The unbridled optimism of late 2022–2023 and the noticeable revival in the Russian fashion market had, by 2025, given way to nervousness and bleak forecasts. Already pessimistic expectations were further reinforced by government actions increasing the burden on small and medium-sized businesses, including the gradual phase-out of preferential tax regimes for individual entrepreneurs. For many business owners, this became the last straw, pushing them to shut down an already unprofitable operation.


At the same time, another trend has been developing over the past several years: marketplaces are rapidly taking over the market — in 2025, every second item sold is already sold through these channels. This puts additional pressure on traditional offline retail: stores that rent premises suffer, as do shopping malls themselves. At the same time, it would be wrong to say that marketplace sellers are “bathing in champagne” — most are merely making ends meet due to low margins, price dumping, penalties, and hidden costs.


Everyone agrees: 2026 does not promise an easy walk. Let’s take a closer look at the current situation and consider what strategy to choose in order to survive in such difficult conditions. Then again — when have conditions in the Russian market ever been simple?


Financial background and business expectations


According to the Union of Light Industry Manufacturers, about 30% of light-industry enterprises operate at a loss.

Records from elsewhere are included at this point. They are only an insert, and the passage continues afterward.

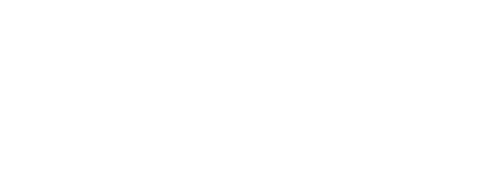 Logo von Reinold GmbH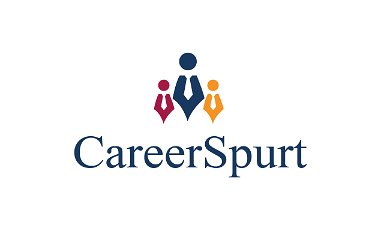 CareerSpurt.com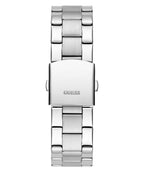 Stainless Steel Watch Gw0782g3
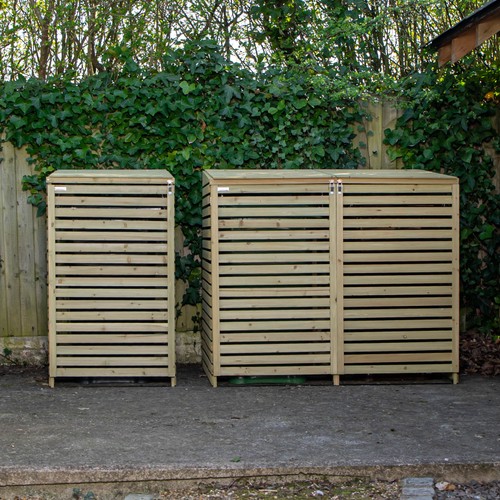 02m 22m large wooden - x,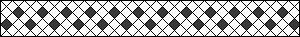 Normal pattern #34577 variation #29396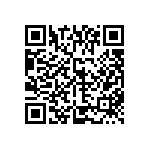 ESQT-124-03-L-D-335 QRCode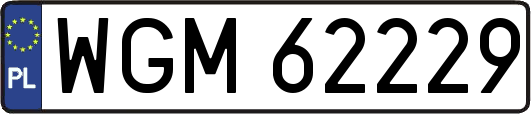 WGM62229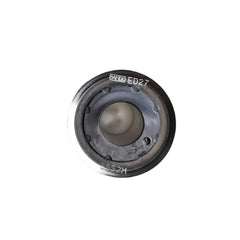 Roland Pulley Wheel for RA640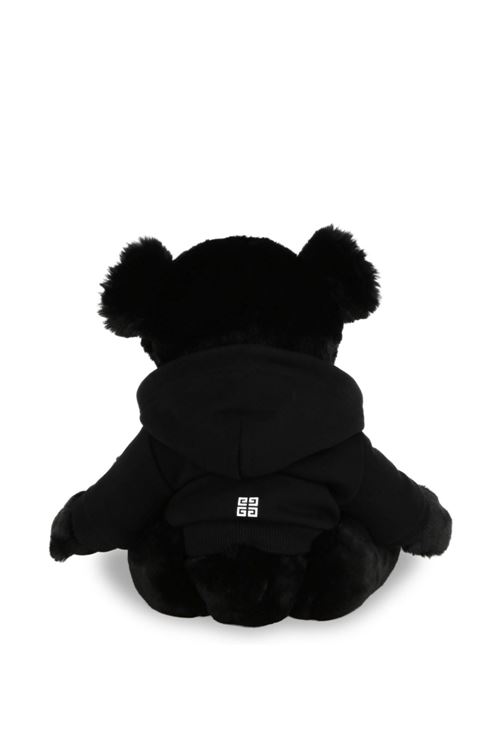  Givenchy Kids | H3051509B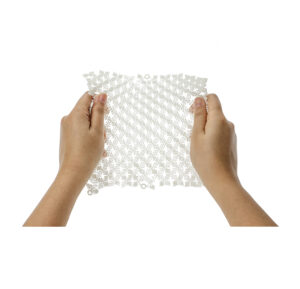 Alternative view of PolyFlex Sort 1.75 mm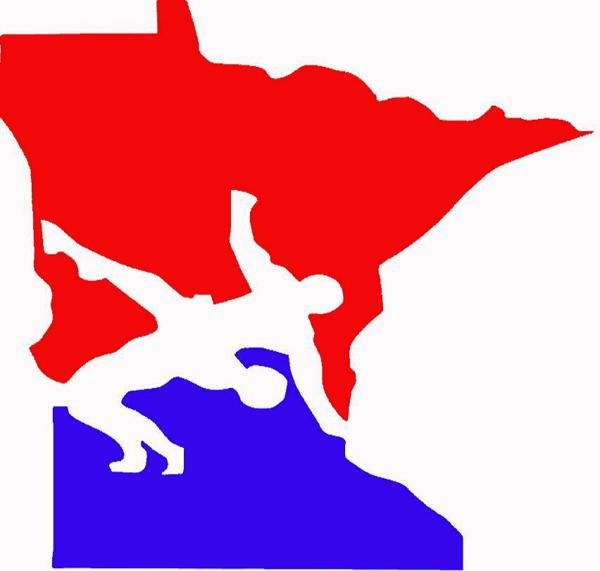 Membership Update per USA Wrestling "Return to the Mat Guidelines"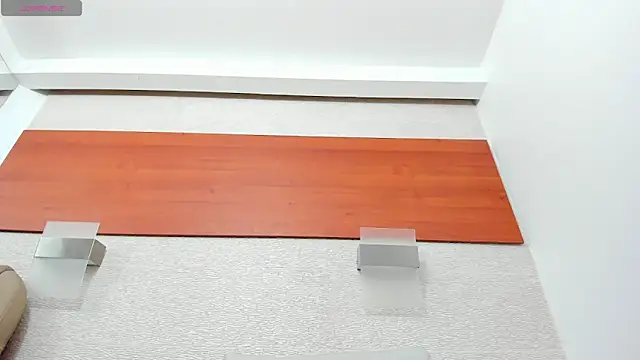 maddy_cartter 라이브 XXX 채팅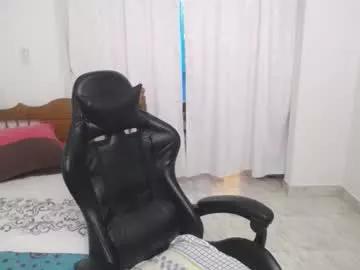 saray1221 from Chaturbate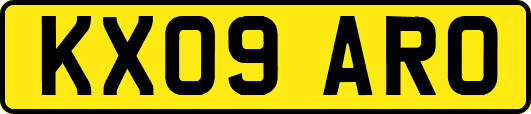 KX09ARO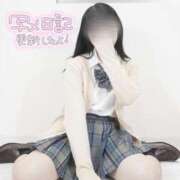 ヒメ日記 2025/08/08 12:46 投稿 苺宮あむ 制服×コスプレ アオハルスイッチ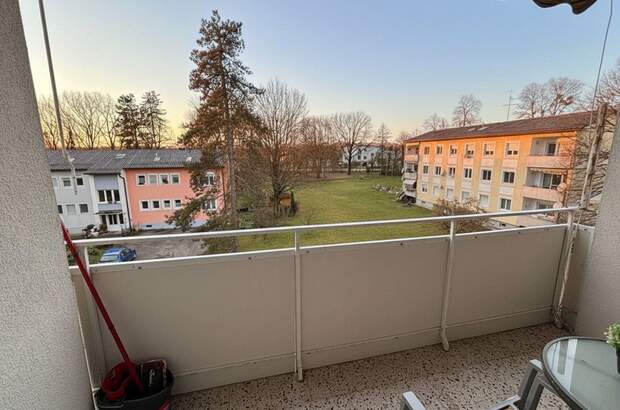 Eigentumswohnung in 8402 Werndorf (Bild 3)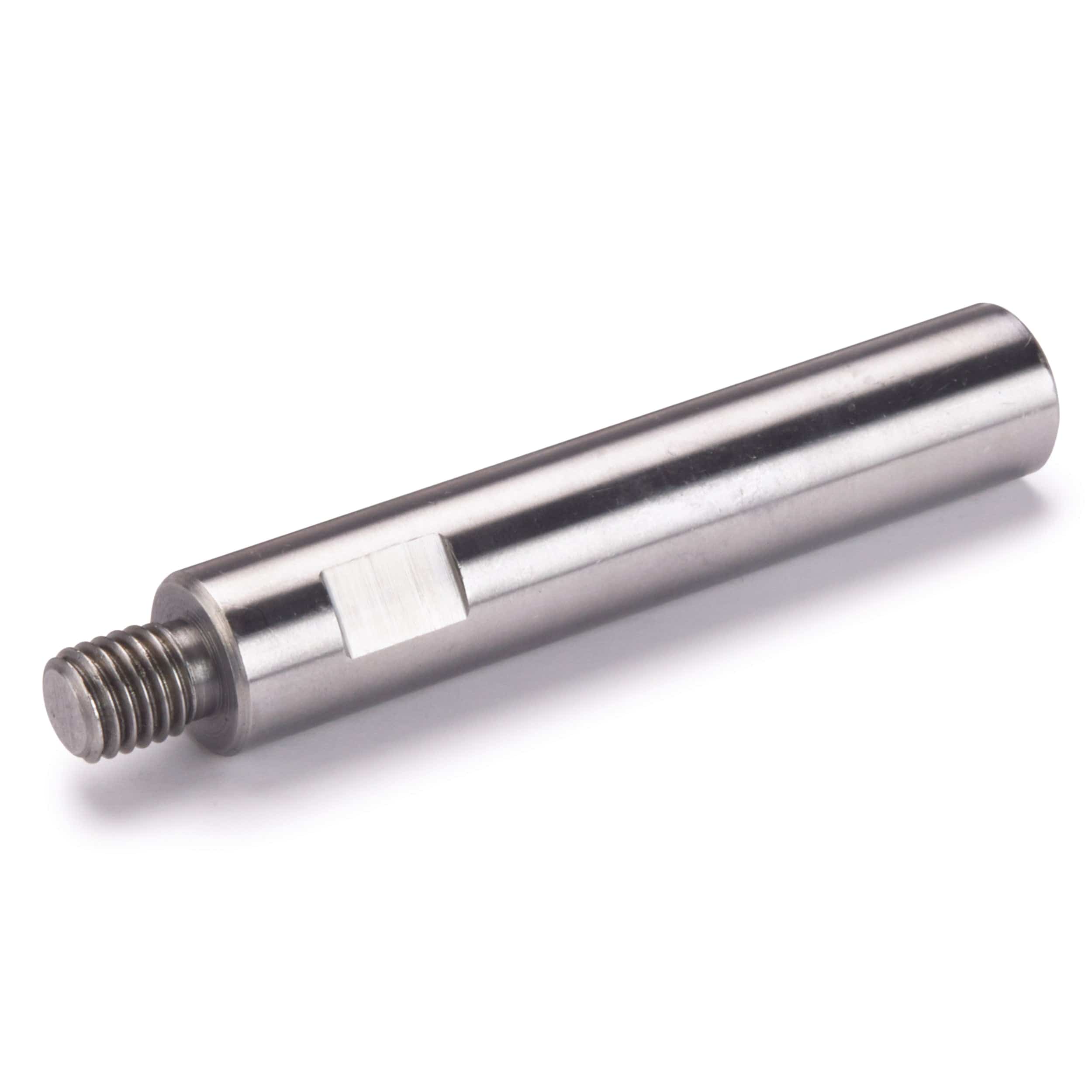 Nova Modular Threaded Tool Rest Post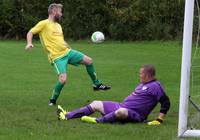 hempnall v erpingham 3 Oct 2020  6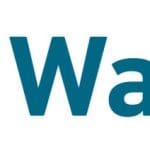 Doku Wallet View Merchants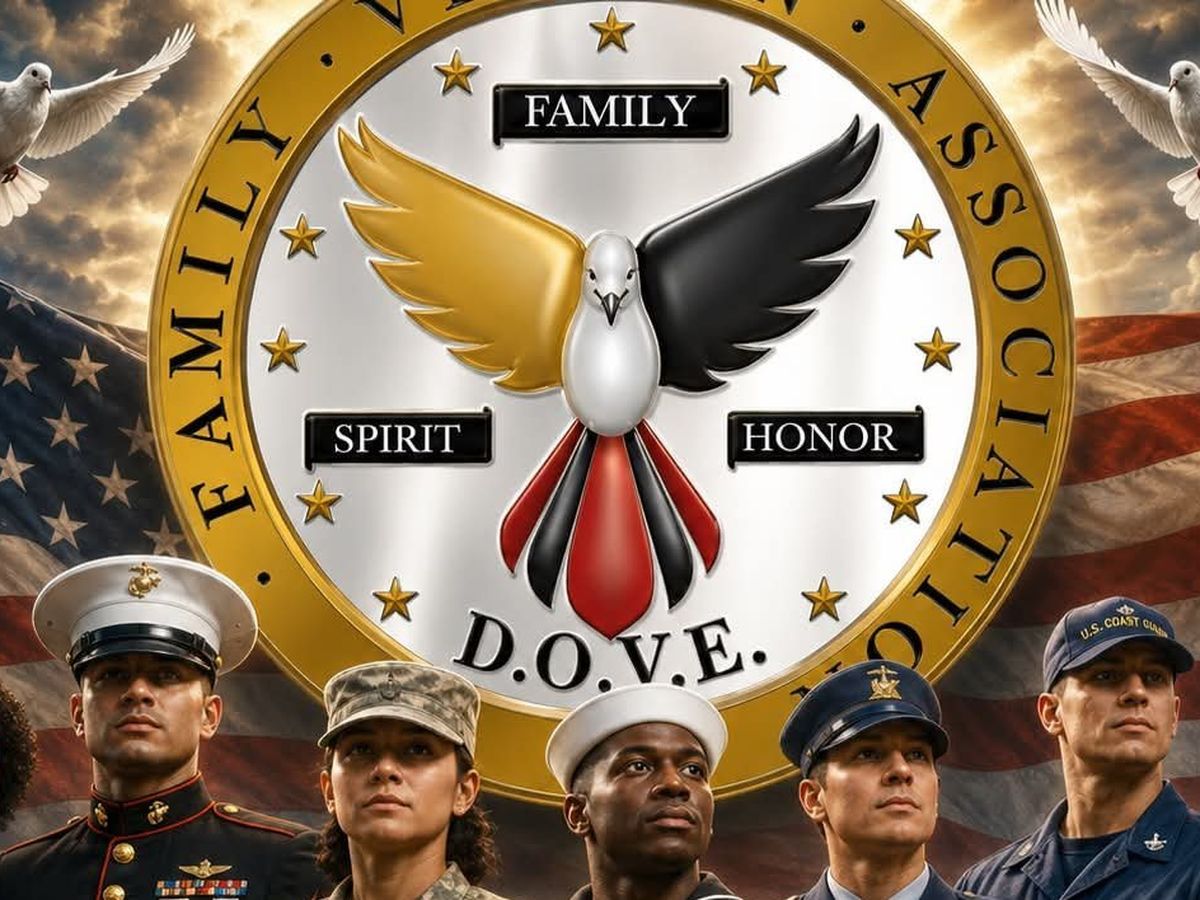 Fundraiser’s main image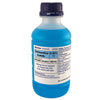 Chlorhexidine Acetate Antiseptic Solution Blue 500ml (1)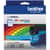BRTLC406XLCS Image Thumbnail 1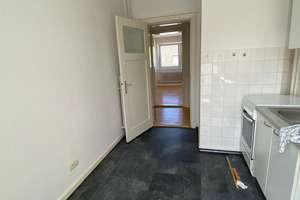 Ruhiges und zentrales Wohnen in Kiel-Wellingdorf – Timkestraße 49, 24148 Wellingdorf, Kiel – Vorschaubild 7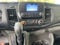 2023 Ford Transit 350 3dr SWB Medium Roof Cargo Van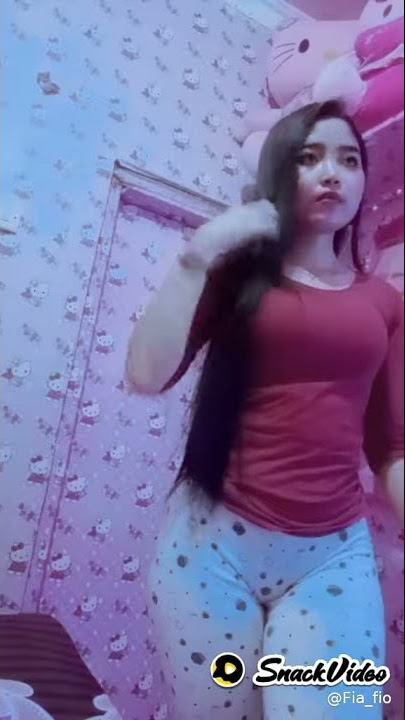 Desahan DJ enak bangat seksi jangan lupa ya mas di#SUBSRIBE ya mas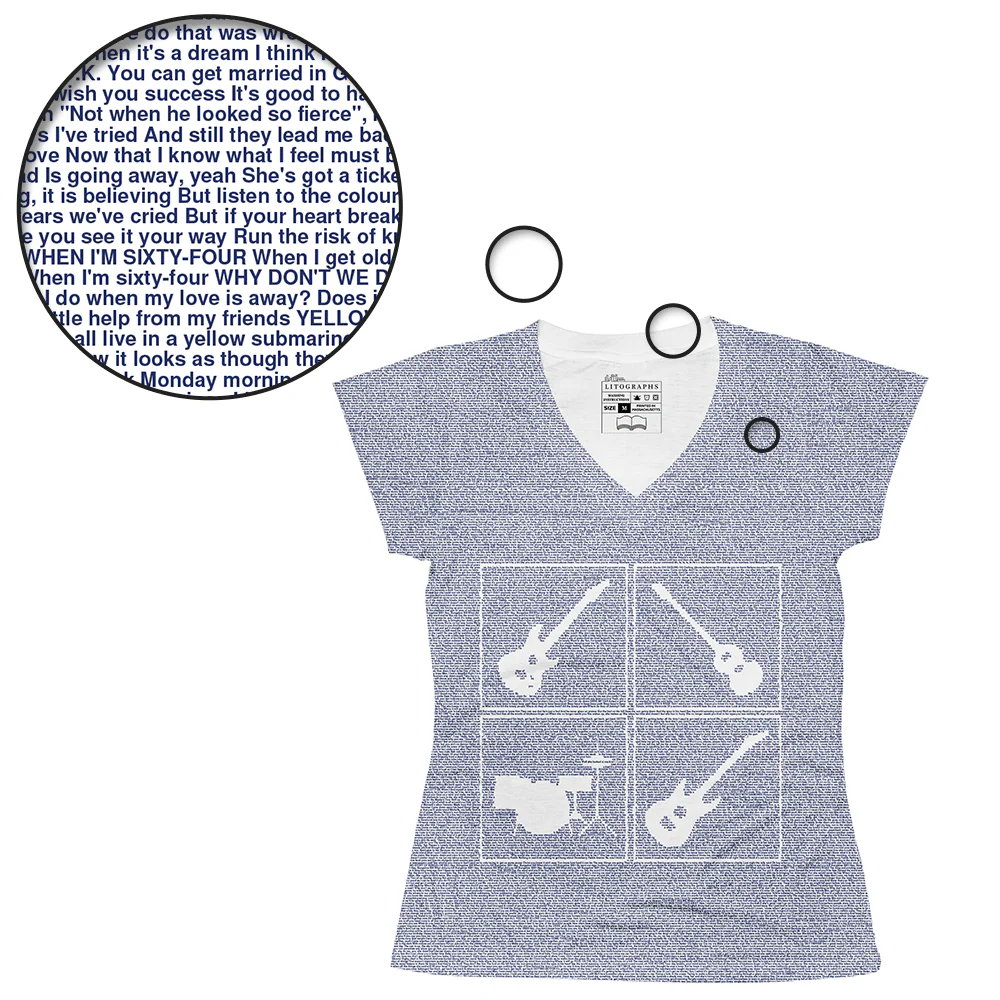 Product image 51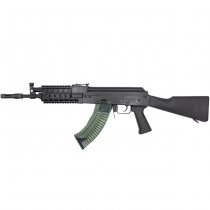 WBP MidiJack Tactical AK 7.62x39mm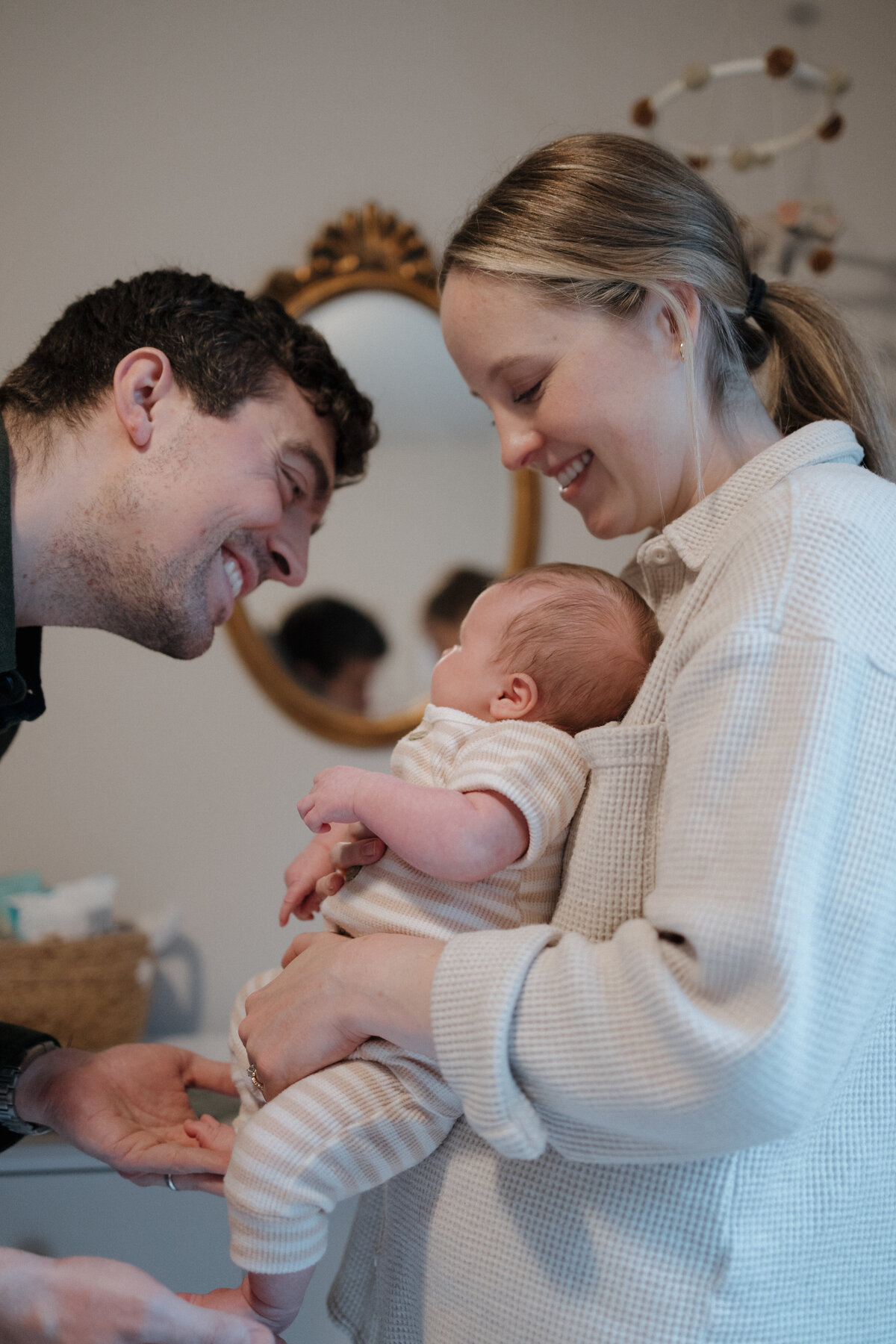 Jillian Keefe Photo_Foreman  Newborn_Final Images_12082024_056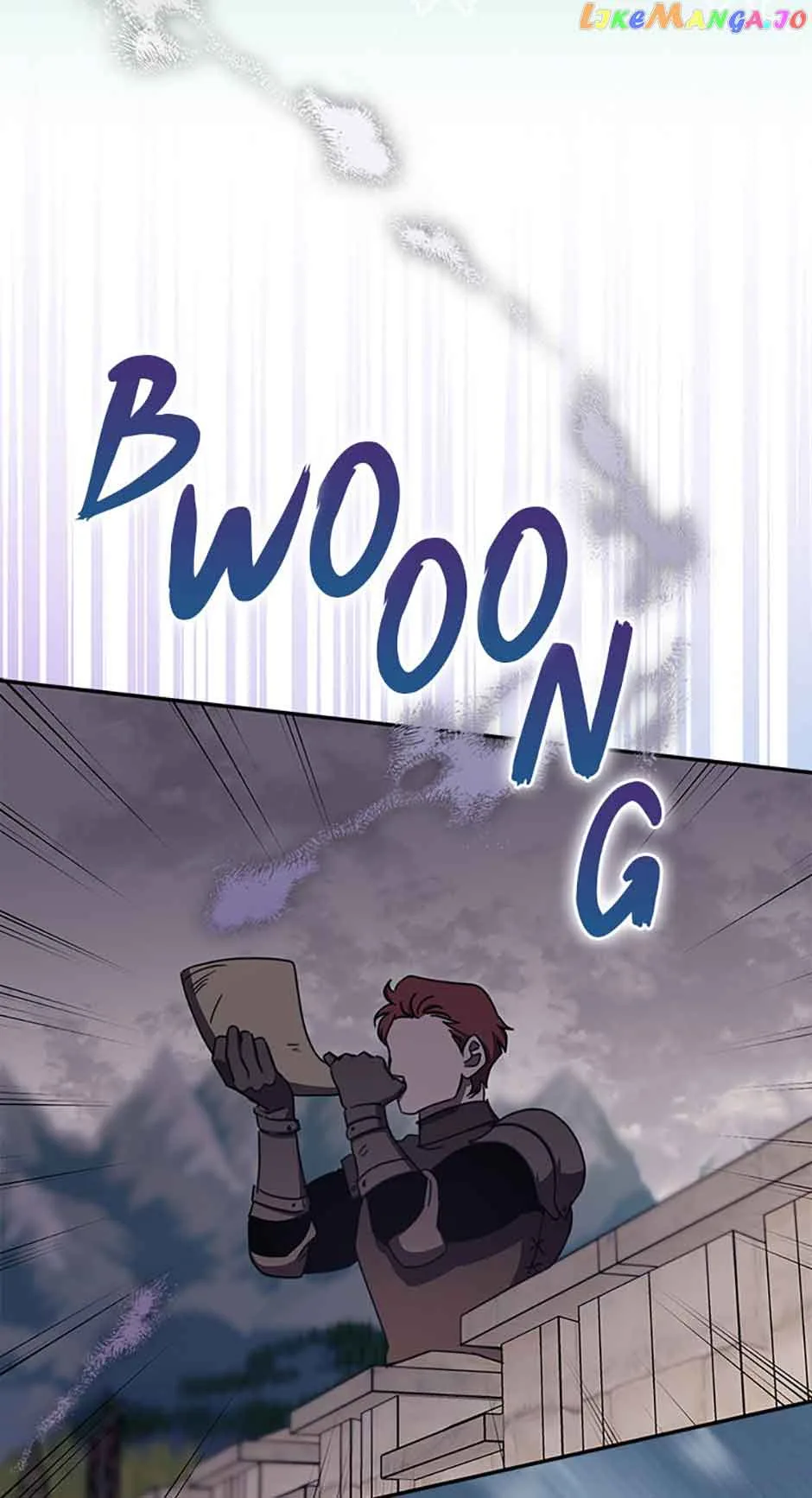 The Abandoned Bachelorette Enjoys Her Simple Life Chapter 33 page 38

RBC Market Research, together with the CPM trade fair, surveyed 150 fashion-industry companies. Key findings:

  • 39% of companies forecast a decline in revenue in 2025;

  • only one in three retailers expects turnover growth, while 16% anticipate stable performance;

  • 50% of respondents assess their companies’ development dynamics as negative;

  • 63% report serious operational difficulties or being close to closure;

  • only 16% forecast turnover growth above 15% in 2025.


The main difficulties named in the same survey: sales planning and forecasting (34%), problems with offline sales (30%), and a shortage of personnel (28%).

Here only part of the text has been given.